O zamanın ünlü doktoru Mutemet Tazıcı hastanenin başhekimidir. 'Doktor bey,ne yapalım?' diye akıl danışırlar.
Mutemet Bey personeline;'Bana bir düdük verin ve arkama yapışarak gelin!'der.
Doktor önde birkaç personeli arkasında düt düt diye trencilik oynayarak Elazığ'ı dolaşırlar. Bütün deliler bu kuyruğa girip vagon olurlar. Hastaneye geldiklerinde sayı 612 kişidir...
Avukat 1
Zenginin biri ölümüne yakın, biri doktor, biri papaz, diğeri avukat olan üç yakın arkadaşını yanına çağırarak bir ricada bulunmuş.

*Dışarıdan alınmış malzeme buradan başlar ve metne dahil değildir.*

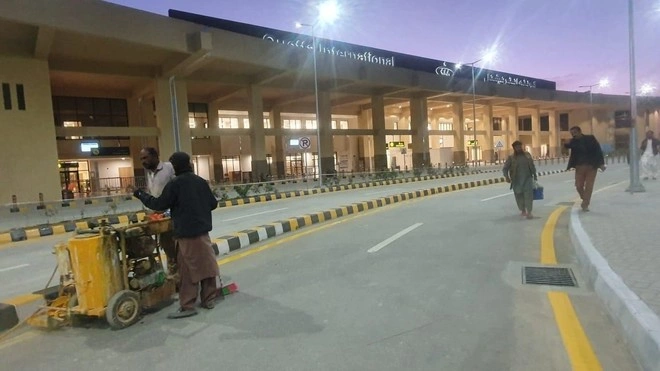 Quetta International Nigah
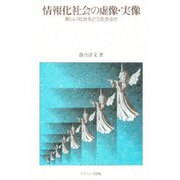 情報化社会の虚像・実像－新しい社会をどう生きるか [単行本]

- 300 bin dolar kadar bir tasarrufum var, bunu yanımda öteki dünyaya götürmek istiyorum. Ama kimseye de güvenemiyorum. Şimdi size 100'er bin dolar vereceğim. Bu paraları ne olur ben gömülürken kefenimin iç cebine koyuverin...
Adam ölmüş ve üç arkadaşı verdikleri sözü yerine getirmişler. Bir süre sonra doktor vicdan azabına yakalanmış. Diğer iki arkadaşını çağırarak onlara itirafta bulunmuş
- Hastanenin çok acil ihtiyacı vardı onun için 100 bin doların 20 bin dolarını hastaneye sarf ettim, kefene 80 bin koydum.
Papaz utana sıkıla mırıldanmış.
- Maalesef ben de aynı günahı işledim paranın yarısını kilisenin inşaatına ayırdım. Kefenin cebine 50 bin dolar koydum.
Avukat gülümsemiş.
- Ben sözümü aynen yerine getirdim, kefenin cebine 100 bin dolarlık çek koydum.
Avukat 2
George ve Harry balonda Atlantik Okyanusu’nu geçmektedirler. George Harry'ye döner ve “Biraz alçalıp nerede olduğumuzu anlayalım” der. Harry sıcak gazı biraz kısar ve balon alçalmaya başlar. George "Hala nerede olduğumuzu anlayamadım biraz daha alçalalım ve şu aşağıdaki adama soralım" der. Harry adama bağırır:
"Hey bayım nerede olduğumuzu söyleyebilir misiniz lütfen. "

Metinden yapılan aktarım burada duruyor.